# EXTRACTED RECORDS
▬▬▬
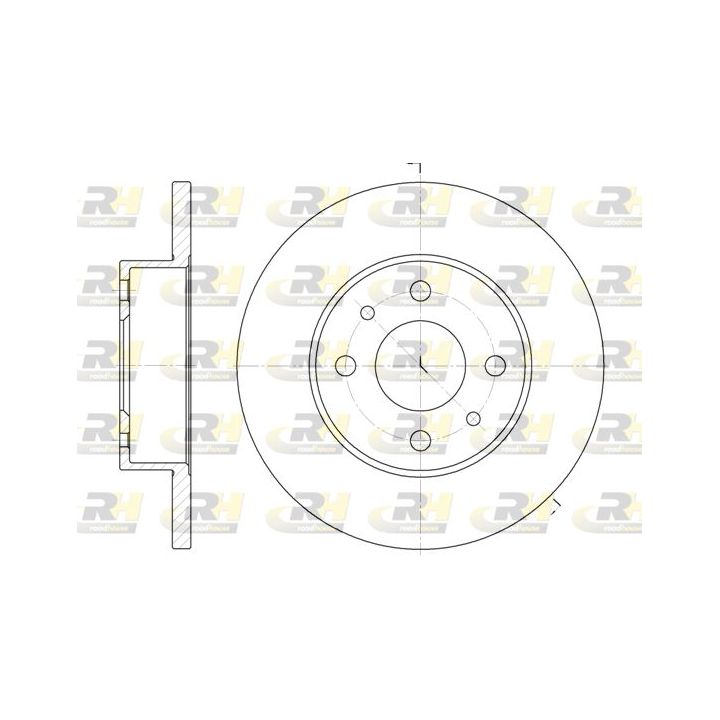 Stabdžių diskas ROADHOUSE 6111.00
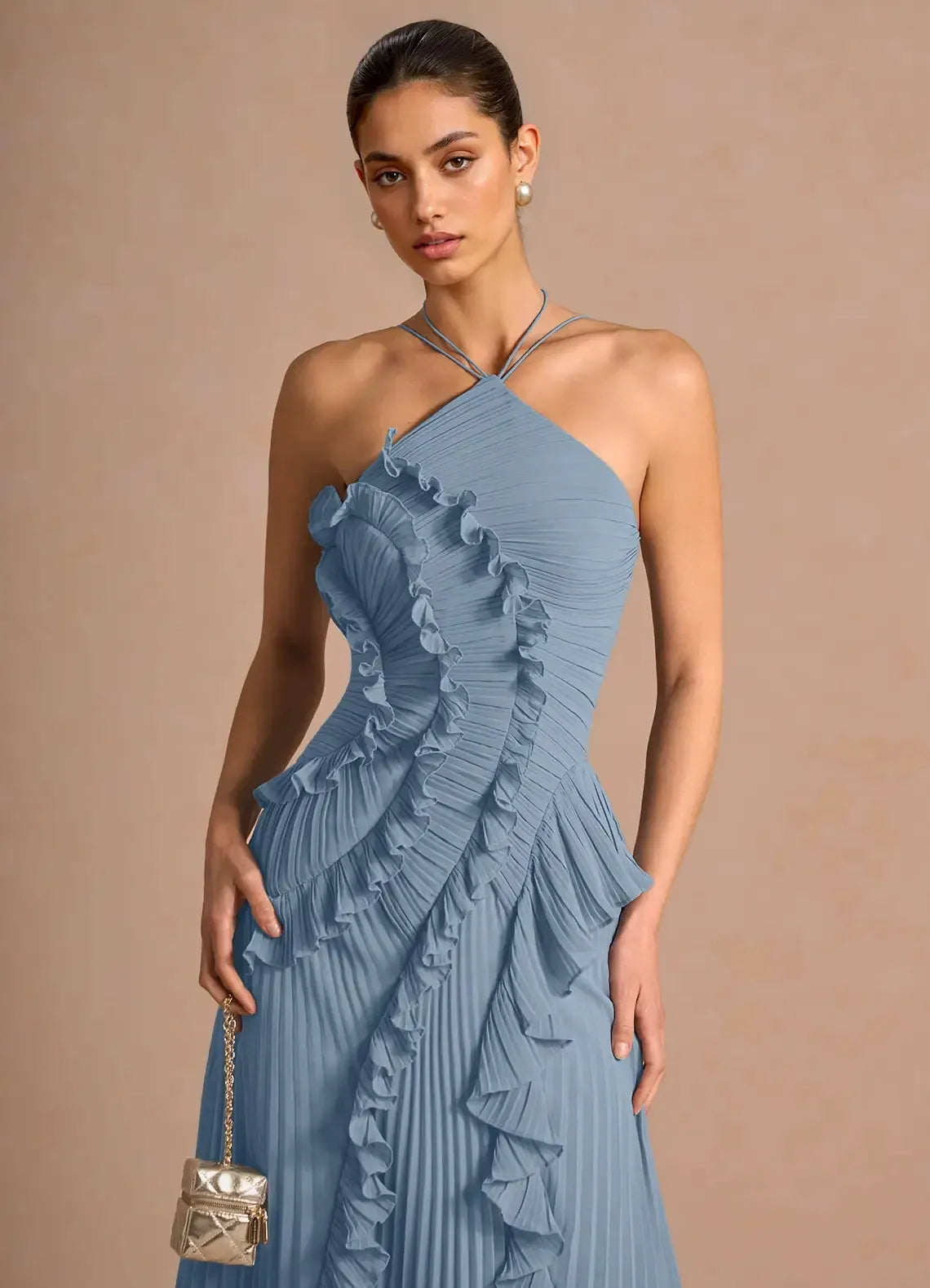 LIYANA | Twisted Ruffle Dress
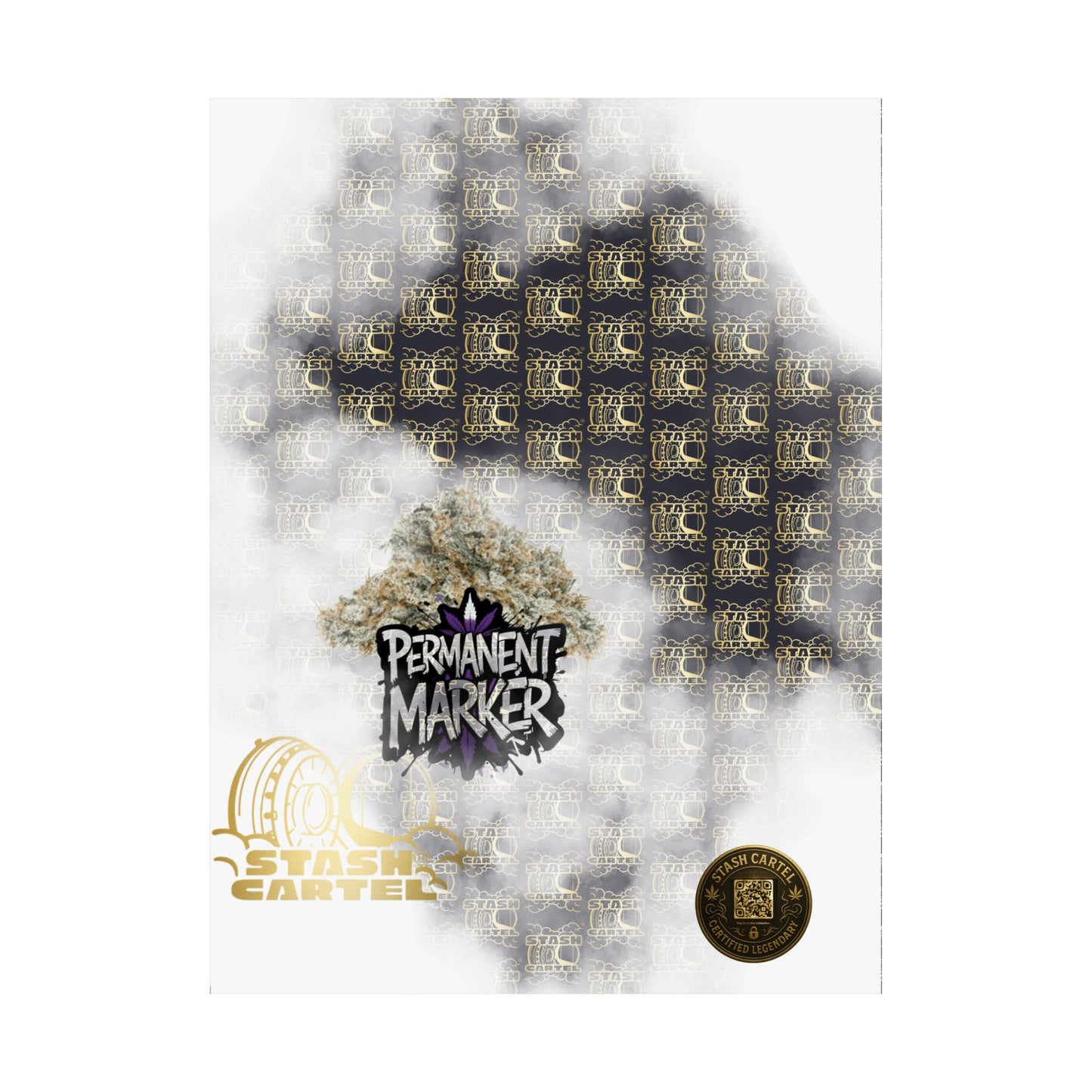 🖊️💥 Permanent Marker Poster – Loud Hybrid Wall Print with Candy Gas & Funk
▬▬▬
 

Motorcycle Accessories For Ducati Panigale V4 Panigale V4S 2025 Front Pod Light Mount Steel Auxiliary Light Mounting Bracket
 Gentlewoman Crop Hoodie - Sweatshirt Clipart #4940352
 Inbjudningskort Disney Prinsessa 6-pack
▬▬▬
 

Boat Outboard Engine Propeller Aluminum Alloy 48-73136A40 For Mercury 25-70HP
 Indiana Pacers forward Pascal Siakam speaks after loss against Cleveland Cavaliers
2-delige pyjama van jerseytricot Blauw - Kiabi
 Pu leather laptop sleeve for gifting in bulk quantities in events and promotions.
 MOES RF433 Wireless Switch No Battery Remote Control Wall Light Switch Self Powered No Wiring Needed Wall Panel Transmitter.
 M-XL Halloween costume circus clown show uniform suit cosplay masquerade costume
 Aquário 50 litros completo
▬▬▬
# WORK ORDER
When the string "Light" occurs in a line of the material, that line belongs in the answer.

# ANSWER TO THE PROBLEM
Motorcycle Accessories For Ducati Panigale V4 Panigale V4S 2025 Front Pod Light Mount Steel Auxiliary Light Mounting Bracket
 MOES RF433 Wireless Switch No Battery Remote Control Wall Light Switch Self Powered No Wiring Needed Wall Panel Transmitter.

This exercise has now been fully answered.